● **WHAT THE TASK REQUIRES**: Keep to one stretch of the data below, the lines from the one with "Twin Goldfish Watercolor" up to and including the one with "Arctic Animal Winter", and return that stretch exactly.

* * * * * * *

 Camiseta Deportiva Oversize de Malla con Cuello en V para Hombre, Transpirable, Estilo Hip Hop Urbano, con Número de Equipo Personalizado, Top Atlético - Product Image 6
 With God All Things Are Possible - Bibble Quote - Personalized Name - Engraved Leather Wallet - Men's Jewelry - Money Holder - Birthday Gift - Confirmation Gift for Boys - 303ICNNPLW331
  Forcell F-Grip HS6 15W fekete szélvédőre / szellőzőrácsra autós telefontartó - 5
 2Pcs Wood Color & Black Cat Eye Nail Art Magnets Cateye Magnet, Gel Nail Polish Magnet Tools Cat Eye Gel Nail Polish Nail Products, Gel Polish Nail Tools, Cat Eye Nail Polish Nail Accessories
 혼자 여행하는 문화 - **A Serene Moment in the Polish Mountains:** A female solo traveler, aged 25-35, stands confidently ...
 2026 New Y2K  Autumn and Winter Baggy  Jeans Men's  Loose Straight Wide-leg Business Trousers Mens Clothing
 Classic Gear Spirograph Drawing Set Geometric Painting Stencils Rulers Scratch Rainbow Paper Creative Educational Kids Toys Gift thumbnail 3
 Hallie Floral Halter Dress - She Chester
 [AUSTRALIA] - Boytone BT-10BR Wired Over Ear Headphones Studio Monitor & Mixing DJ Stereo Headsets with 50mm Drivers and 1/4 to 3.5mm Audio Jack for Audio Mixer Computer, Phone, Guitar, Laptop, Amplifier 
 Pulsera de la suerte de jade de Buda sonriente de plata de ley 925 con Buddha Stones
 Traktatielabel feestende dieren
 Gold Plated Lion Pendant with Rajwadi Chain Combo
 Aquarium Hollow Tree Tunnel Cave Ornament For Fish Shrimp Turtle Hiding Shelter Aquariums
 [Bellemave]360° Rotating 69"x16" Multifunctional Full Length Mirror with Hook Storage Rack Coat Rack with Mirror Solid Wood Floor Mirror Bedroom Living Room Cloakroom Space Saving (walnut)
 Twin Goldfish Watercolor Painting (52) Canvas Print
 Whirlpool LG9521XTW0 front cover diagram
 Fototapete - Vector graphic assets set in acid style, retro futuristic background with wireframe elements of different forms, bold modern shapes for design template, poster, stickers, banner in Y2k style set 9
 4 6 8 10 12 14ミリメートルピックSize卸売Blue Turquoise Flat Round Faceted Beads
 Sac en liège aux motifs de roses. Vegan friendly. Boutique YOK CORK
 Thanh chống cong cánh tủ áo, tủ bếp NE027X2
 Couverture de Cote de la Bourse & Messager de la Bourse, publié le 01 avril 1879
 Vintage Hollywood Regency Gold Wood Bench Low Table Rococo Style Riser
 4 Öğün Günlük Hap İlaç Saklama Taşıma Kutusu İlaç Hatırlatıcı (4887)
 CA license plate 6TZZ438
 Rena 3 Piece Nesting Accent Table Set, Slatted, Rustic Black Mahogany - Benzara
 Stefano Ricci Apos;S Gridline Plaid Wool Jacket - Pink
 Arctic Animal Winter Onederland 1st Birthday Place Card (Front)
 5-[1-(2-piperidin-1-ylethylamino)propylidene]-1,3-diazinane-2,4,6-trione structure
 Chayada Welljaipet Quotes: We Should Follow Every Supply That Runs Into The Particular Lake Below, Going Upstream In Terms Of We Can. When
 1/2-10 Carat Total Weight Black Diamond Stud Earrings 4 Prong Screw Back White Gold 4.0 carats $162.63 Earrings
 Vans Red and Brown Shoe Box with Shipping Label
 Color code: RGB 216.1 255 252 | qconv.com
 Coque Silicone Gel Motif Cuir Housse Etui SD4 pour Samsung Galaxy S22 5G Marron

* * * * * * *

● **WRITTEN SOLUTION**:
 Twin Goldfish Watercolor Painting (52) Canvas Print
 Whirlpool LG9521XTW0 front cover diagram
 Fototapete - Vector graphic assets set in acid style, retro futuristic background with wireframe elements of different forms, bold modern shapes for design template, poster, stickers, banner in Y2k style set 9
 4 6 8 10 12 14ミリメートルピックSize卸売Blue Turquoise Flat Round Faceted Beads
 Sac en liège aux motifs de roses. Vegan friendly. Boutique YOK CORK
 Thanh chống cong cánh tủ áo, tủ bếp NE027X2
 Couverture de Cote de la Bourse & Messager de la Bourse, publié le 01 avril 1879
 Vintage Hollywood Regency Gold Wood Bench Low Table Rococo Style Riser
 4 Öğün Günlük Hap İlaç Saklama Taşıma Kutusu İlaç Hatırlatıcı (4887)
 CA license plate 6TZZ438
 Rena 3 Piece Nesting Accent Table Set, Slatted, Rustic Black Mahogany - Benzara
 Stefano Ricci Apos;S Gridline Plaid Wool Jacket - Pink
 Arctic Animal Winter Onederland 1st Birthday Place Card (Front)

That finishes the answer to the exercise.